The Capuleti and Montgomery rivalry goes back generations. The exact start date is unknown, but every generation as far back as I know has been raised to never question the last. From birth, we’re told the Montgomerys are our sworn enemy—something to do with a Capuleti son being caught having an affair with a spoken for Montgomery. As retribution, the Montgomerys gifted the Capuleti family the son’s head on a spike. From there, the domino effect began, with a riverof bloodshed following for centuries. Or so the story has been told over the years. We’ve been told to never question it.

We don’t dare get involved with them or even attempt to cross their paths, or we’ll be exiled from our respective families or perceived as a traitor, no questions asked. Over the years, the lines drawn between our families have weakened, and I guess you could say Julianna and I have worsened it between my attempts to cozy up to Rome and Julianna’s constant string of pranks. I can’t blame her, though, when Rome continues the cycle, pushing Julianna to take it a step further.

A Capuleti never could let a Montgomery have the last word.

Julianna played with fire the moment she decided to entertain Rome’s interventions and teasing. I danced in it the second I convinced myself we could fix a centuries-old rivalry just by simply playing nice.

What a fucking joke. My ancestors would be rolling over in their grave if they saw us now.

I tilt my head back and squeeze my eyes shut. Dusk has set in across the city. The sunlight is nearly gone.

“I’m not going to tell my staff to avoid publishing the Montgomery name over a stupid family rivalry.”

“Tell that to the countless lives lost and blood spilled at the hands of that family over the years,” my father hisses. “Our family rivalry isn’t a joke, Holt.”

I open my mouth to point out that the Capuletis are just as guilty as the Montgomerys but stop myself. There’s no point. There never is a fucking point. Instead, I settle on muttering, “I understand.”

“Good.”

“I have one more question.” I blow out a heavy breath. I’ve debated having this talk with him, but curiosity gets the better ofme. I should drop it, but I’ve never been very good at listening to the rational part of my brain.

“Always,” he says confidently. “You can always talk to me.”

“Okay.” I inhale a deep breath. “About Mom’s death?—”

“That’s not a question, Holt,” he interjects quickly. A little too quickly. “But what is it?”

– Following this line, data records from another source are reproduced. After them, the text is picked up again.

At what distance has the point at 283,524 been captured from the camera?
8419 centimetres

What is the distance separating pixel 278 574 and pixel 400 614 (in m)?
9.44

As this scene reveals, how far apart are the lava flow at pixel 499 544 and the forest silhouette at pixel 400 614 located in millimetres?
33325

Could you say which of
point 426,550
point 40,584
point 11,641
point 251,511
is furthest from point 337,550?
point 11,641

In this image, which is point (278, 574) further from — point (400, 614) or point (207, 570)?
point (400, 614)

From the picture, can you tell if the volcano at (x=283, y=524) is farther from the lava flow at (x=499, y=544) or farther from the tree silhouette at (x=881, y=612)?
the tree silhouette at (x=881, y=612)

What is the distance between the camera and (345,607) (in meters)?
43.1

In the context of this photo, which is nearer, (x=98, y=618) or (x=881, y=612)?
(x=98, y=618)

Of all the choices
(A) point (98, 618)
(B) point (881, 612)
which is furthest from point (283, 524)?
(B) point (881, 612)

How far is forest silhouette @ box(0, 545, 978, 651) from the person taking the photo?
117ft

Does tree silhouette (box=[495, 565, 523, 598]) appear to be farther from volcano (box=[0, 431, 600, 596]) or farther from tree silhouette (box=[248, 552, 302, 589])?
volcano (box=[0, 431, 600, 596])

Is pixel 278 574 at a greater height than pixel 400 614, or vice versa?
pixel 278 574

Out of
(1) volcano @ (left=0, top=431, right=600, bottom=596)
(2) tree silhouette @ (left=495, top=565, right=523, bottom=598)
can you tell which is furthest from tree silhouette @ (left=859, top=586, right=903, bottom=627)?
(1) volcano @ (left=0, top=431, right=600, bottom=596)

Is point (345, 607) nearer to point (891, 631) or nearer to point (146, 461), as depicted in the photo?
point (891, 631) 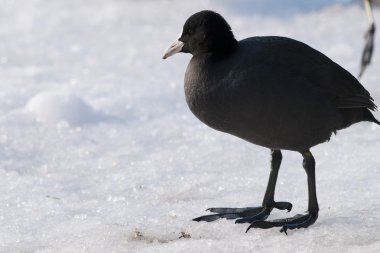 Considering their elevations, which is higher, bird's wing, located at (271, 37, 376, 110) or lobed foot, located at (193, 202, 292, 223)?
bird's wing, located at (271, 37, 376, 110)

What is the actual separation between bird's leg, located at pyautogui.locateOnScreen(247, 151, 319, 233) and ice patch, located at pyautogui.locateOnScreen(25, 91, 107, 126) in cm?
267

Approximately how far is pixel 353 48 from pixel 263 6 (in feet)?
6.30

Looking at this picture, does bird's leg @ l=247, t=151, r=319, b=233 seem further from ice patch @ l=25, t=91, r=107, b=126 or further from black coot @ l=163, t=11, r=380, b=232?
ice patch @ l=25, t=91, r=107, b=126

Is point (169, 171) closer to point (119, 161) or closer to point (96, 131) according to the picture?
point (119, 161)

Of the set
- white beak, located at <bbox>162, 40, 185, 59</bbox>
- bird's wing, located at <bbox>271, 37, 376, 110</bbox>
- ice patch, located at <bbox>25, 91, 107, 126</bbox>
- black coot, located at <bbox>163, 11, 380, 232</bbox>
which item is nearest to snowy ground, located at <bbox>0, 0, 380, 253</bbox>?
ice patch, located at <bbox>25, 91, 107, 126</bbox>

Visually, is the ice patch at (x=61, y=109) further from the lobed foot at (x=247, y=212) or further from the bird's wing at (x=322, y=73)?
the bird's wing at (x=322, y=73)

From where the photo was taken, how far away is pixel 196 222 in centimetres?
452

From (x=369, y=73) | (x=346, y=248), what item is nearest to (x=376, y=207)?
(x=346, y=248)

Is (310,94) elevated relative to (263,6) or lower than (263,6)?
lower

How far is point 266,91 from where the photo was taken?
425 cm

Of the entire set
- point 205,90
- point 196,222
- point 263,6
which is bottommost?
point 196,222

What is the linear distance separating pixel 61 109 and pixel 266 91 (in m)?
3.03

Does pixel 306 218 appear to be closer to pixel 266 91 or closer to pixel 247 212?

“I know it was a long time ago, but something never sat right with me about it.” I swallow around the lump in my throat. Suddenly, I’m nervous. “I remember the police saying it was a common type of death. A random shooting on the subway, but?—"

“But nothing, Holt,” he clips, his voice hardening. “We’ve been over this a million times. There’s no reason to go down this rabbit hole. I was almost certain it had to do with the Montgomerys, but the police did their investigation. Some random drug addict or criminal decided to cut your mother’s life short for absolutely no reason. While I have the urge to question it myself sometimes, I don’t. That’s all there is to it. Understand?”

I rake a hand through my hair and hang my head, looking down at the pavement beneath my feet. Honestly, I’m not even sure I have the bandwidth to argue with my father at the moment. We’ve been through this conversation before, and we always end up circling back to the beginning.

Unlike him, I don’t think the Montgomerys had a hand in her death. They hate us, but I don’t think they would stoop that low.

I’m exhausted, and I only have myself to blame. This is all my doing. In truth, there’s only one thing I know will make this feeling go away, and it sure as fuck isn’t talking to my dad.

Especially when he convinces me to believe that my mother’s murder was random.